I’ve been trying to do some wheel strategies with SPWR. It’s in a long upswing, just like TSLA has been, so probably a good surrogate, but at a lower price. I like the renewable industry, so I’m not looking out of this industry. I haven’t published my results yet because I just bought 100 shares and turned right around and sold a CC at a strike just a few dollars above the current SP (which means they will probably be called away). I also sold a couple puts, way OTM, so just picking up $1-$2 per share, as they probably won’t get put to me. This is just to give me some real experience at a lower cost. As always, advice that’s not advice.;)

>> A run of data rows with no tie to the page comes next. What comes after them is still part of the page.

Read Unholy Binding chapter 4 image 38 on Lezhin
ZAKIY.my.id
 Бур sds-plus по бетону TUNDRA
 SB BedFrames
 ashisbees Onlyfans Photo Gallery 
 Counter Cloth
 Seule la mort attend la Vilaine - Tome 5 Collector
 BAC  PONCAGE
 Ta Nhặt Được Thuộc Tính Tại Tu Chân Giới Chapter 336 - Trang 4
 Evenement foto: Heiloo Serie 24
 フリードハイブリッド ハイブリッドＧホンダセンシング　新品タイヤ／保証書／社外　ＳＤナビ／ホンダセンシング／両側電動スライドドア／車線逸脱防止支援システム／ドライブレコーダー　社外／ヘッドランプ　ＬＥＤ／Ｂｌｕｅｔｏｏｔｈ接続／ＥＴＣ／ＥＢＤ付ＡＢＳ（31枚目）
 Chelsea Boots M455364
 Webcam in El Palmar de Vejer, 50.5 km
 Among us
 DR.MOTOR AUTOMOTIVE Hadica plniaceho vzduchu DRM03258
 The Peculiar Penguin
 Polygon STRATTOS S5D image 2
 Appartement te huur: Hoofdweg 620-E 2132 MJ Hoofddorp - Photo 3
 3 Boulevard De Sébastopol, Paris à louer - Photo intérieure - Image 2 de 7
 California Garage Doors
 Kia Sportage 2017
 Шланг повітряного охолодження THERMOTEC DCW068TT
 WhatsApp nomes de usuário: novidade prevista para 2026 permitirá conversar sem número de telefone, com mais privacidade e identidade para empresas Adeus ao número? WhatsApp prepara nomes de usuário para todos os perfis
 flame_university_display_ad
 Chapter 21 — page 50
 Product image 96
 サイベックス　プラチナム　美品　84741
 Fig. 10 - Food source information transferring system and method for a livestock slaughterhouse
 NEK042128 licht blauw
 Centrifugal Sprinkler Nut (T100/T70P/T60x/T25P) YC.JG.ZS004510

circling back on this, I rolled up and out for a small profit. Thanks @adiggs starting this thread and all the contributors for helping teach me these techniques. This is definitely my practice stock, while trying to “mostly” hold TSLA. Last week, I bought 100 shr at $42.85 and immediately sold the 1/29 $45c for $2.00 (Not a great trade, but wanted to do the rolling part this week). With my extra cash, I also sold six $32p 2/05 for $1.05, that are ~$0.20 now and I’ll just let expire worthless next week.

So, for today my first official roll forward for a small credit.:)
BTC of SPWR 01/29/2021 C $45.00 executed at $3.48 ($1.48 debit).
STO of SPWR 02/12/2021 C $50.00 executed at $4.00 ($0.52 credit).